- Brief -
Exclude the pictures and transcribe the rest of the data below exactly.

- Recorded information -
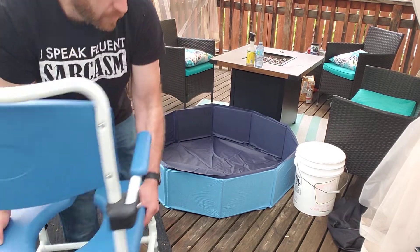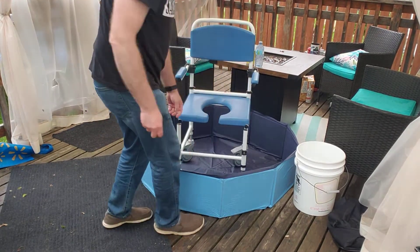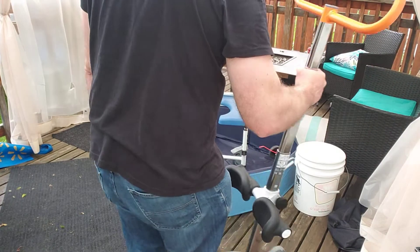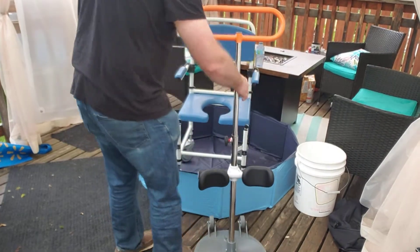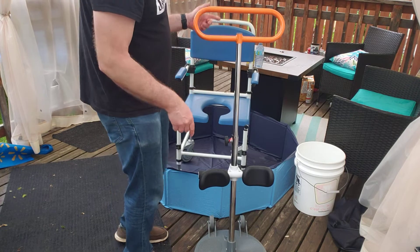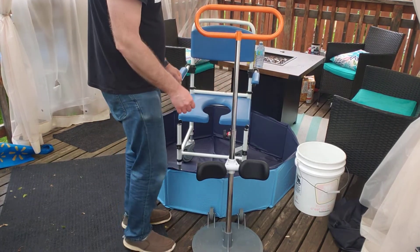What I use is a shower chair. My dad has limited mobility — he had a few strokes about six years ago. I use a sit-to-stand device to transfer him from his chair to this chair so we don't have to somehow get over the wall of the pool.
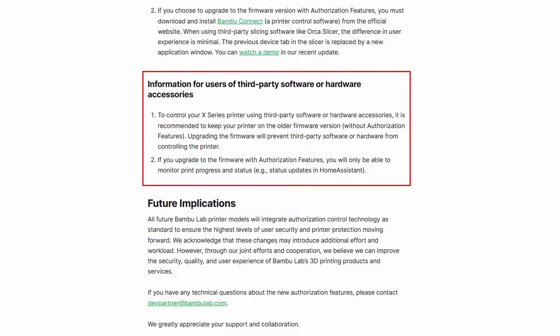Welcome back to LT3D. Before we get into the video, I just want to let you know that this was filmed before Bamboo Labs' new firmware update for the X1 was announced. Basically, the X1 Carbon will at some point be getting a firmware update which will stop third-party software or hardware accessories working with the printer. It is an optional update so you don't have to update, but it's still not a fantastic update in general.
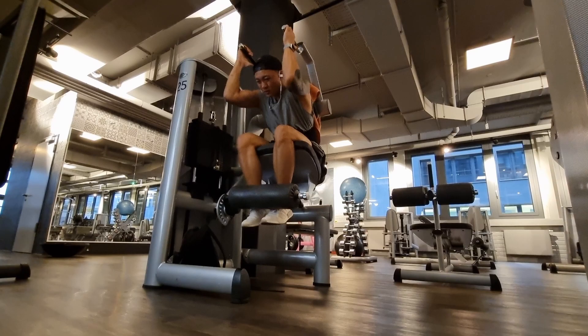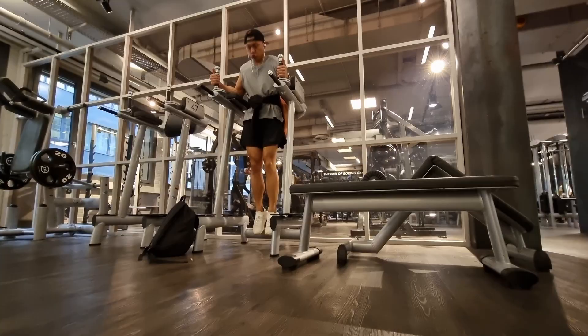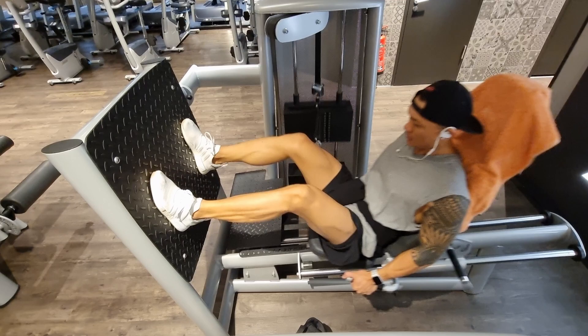Whenever I go to the gym I put my phone away so I can be focused on my workouts. I really don't like to talk to people — not because I'm mean or don't want to socialize — but I really want to focus on my training and get things done in time. So for now I'll zip it and let you enjoy the video.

- Response area -
What I use is a shower chair. My dad has limited mobility — he had a few strokes about six years ago. I use a sit-to-stand device to transfer him from his chair to this chair so we don't have to somehow get over the wall of the pool.
Welcome back to LT3D. Before we get into the video, I just want to let you know that this was filmed before Bamboo Labs' new firmware update for the X1 was announced. Basically, the X1 Carbon will at some point be getting a firmware update which will stop third-party software or hardware accessories working with the printer. It is an optional update so you don't have to update, but it's still not a fantastic update in general.
Whenever I go to the gym I put my phone away so I can be focused on my workouts. I really don't like to talk to people — not because I'm mean or don't want to socialize — but I really want to focus on my training and get things done in time. So for now I'll zip it and let you enjoy the video.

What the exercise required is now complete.